Chain of Digital Custody
Digital evidence is extremely fragile. If the police failed to image the hard drive with a write-blocker, if hash values don't match, or if evidence was handled improperly, the defence can seek exclusion of the entire digital evidence chain.
Authorised Security Testing
Ethical hacking and penetration testing carried out with the system owner's authorisation is legal. If the defendant had a written engagement contract, bug bounty agreement or responsible disclosure policy, there is no criminal offence.
Lack of 'Breaching Security Measures'
Art. 197 bis requires that security measures were breached. If the system had no password, no firewall, or the access point was public, the element of 'breaching security' may be absent, negating the offence.
Key Case Law
The Supreme Court confirmed that 'access' requires effectively entering the system, not merely attempting it. The prosecution must prove: (1) access occurred, (2) it was unauthorised, and (3) security measures were breached.
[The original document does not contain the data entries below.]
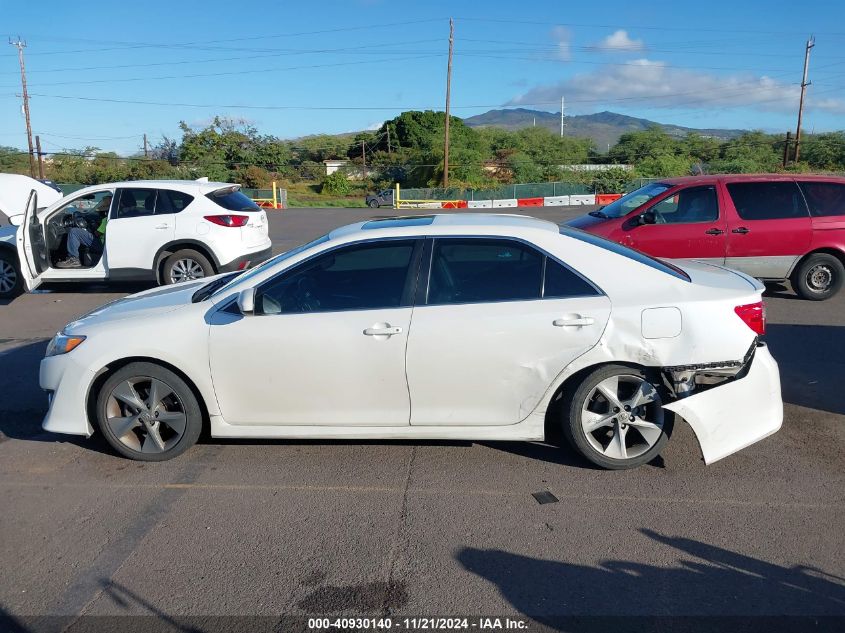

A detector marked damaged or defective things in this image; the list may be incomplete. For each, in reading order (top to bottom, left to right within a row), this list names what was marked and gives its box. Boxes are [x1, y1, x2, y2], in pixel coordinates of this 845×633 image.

crumpled rear bumper [664, 344, 780, 462]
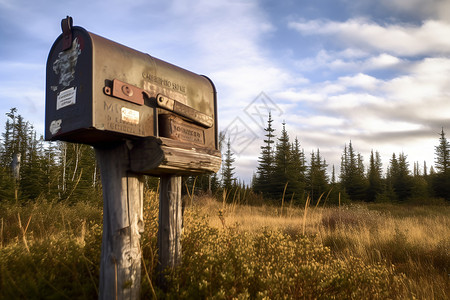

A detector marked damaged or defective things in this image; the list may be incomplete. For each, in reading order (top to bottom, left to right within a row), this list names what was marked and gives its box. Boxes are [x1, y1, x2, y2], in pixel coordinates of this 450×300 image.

rusty mailbox [45, 16, 221, 175]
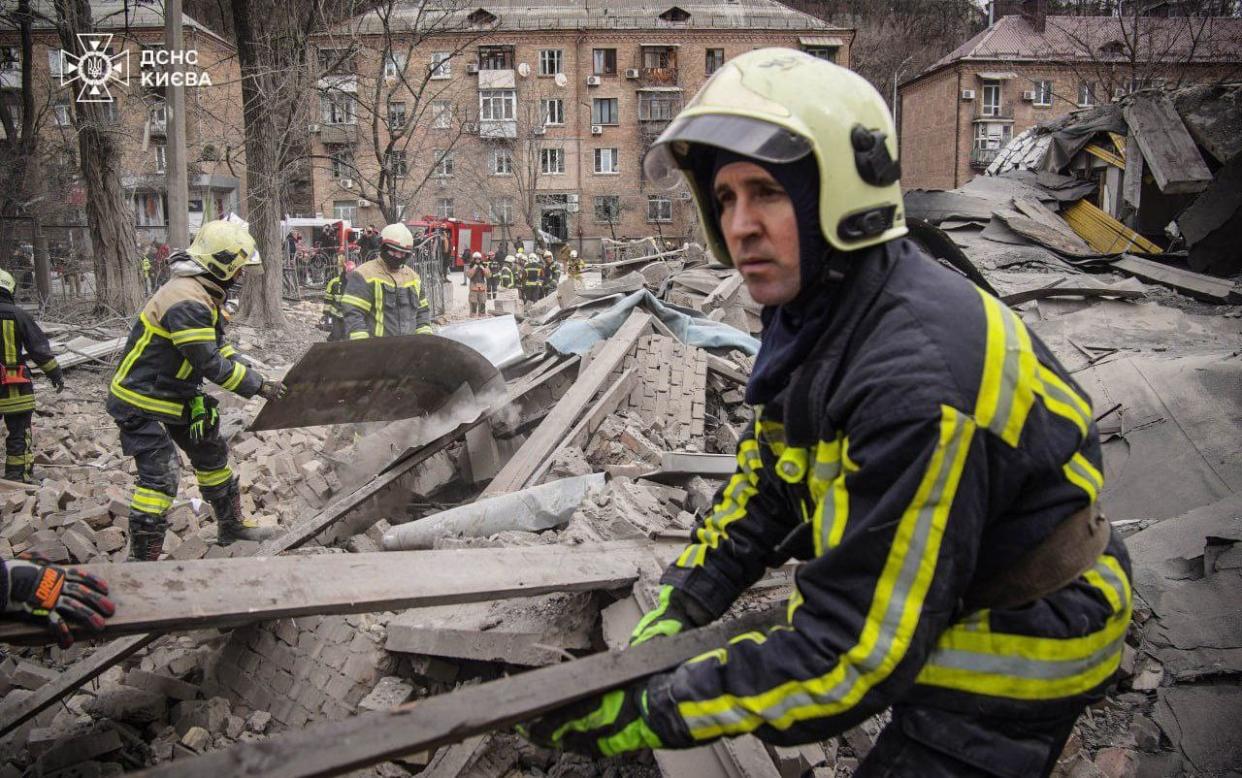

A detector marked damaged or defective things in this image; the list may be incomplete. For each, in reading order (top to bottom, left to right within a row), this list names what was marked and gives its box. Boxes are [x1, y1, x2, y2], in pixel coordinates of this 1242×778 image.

splintered wood beam [481, 306, 655, 494]
splintered wood beam [0, 541, 650, 641]
splintered wood beam [133, 606, 775, 775]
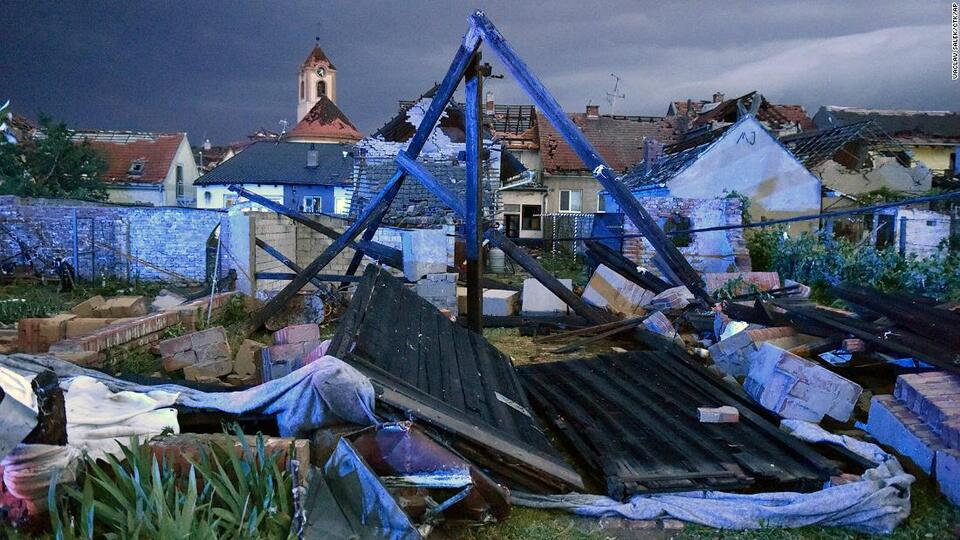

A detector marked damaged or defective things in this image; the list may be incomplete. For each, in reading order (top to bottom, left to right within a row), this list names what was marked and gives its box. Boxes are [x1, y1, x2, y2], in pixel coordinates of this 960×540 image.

broken wall [0, 198, 221, 282]
broken window [300, 196, 322, 213]
broken window [520, 204, 544, 231]
broken window [560, 190, 580, 213]
broken window [664, 215, 692, 249]
broken wall [624, 195, 752, 274]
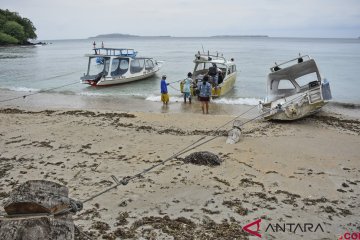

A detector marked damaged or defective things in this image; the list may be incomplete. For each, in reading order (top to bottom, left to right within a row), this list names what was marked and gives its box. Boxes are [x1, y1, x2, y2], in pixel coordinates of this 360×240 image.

damaged boat [258, 55, 332, 121]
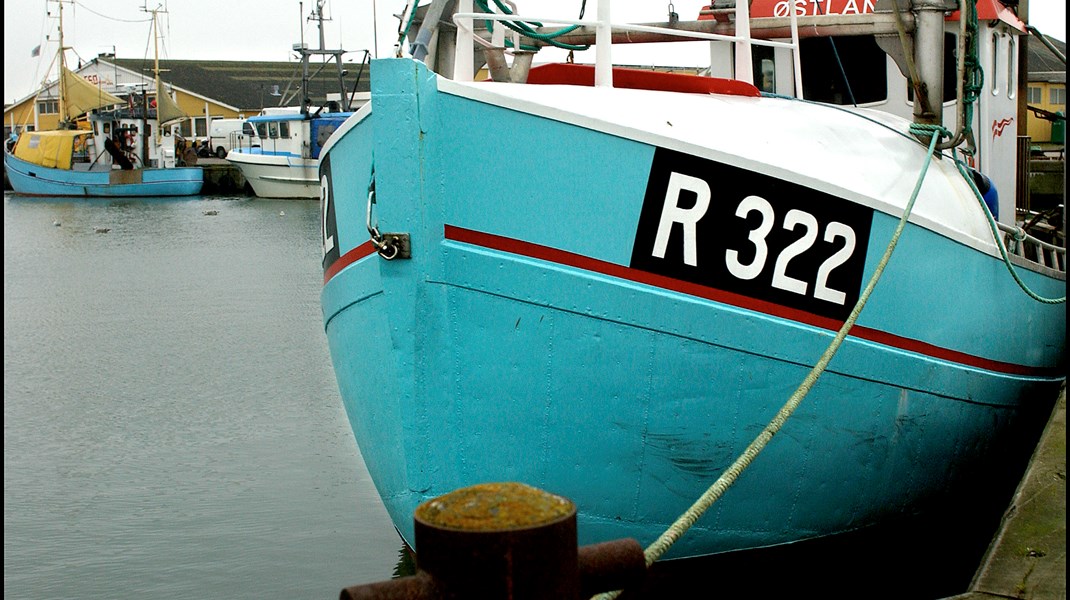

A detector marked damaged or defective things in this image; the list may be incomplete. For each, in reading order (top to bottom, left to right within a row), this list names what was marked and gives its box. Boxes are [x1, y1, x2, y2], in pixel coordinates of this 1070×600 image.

rusty bollard [342, 481, 642, 598]
rusted metal post [342, 481, 642, 598]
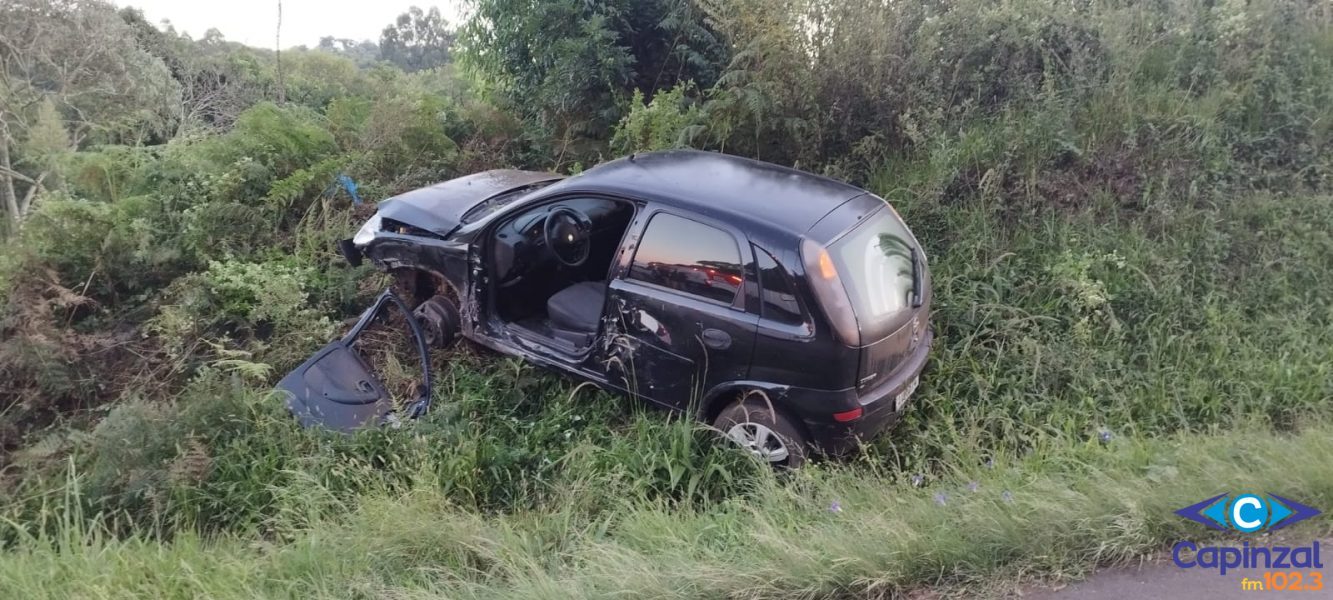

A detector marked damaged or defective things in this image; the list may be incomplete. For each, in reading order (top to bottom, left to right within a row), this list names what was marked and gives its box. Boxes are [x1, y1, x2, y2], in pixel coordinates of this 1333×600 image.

damaged front fender [275, 288, 431, 429]
damaged black hatchback [293, 147, 938, 466]
detached car door [605, 208, 762, 410]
Port scanning alone does not constitute the offence.
The Court ruled that ransomware attacks may constitute a concurrent offence of computer damage (Art. 264) and extortion (Art. 243 CP). The encryption of data satisfies the 'damage' element even if data is technically recoverable upon payment.
In phishing operations, the Court distinguished between the organiser and the 'money mule' (account holder). The mule's liability depends on proof of knowledge that the funds were illicit. Wilful blindness may suffice, but mere negligence does not.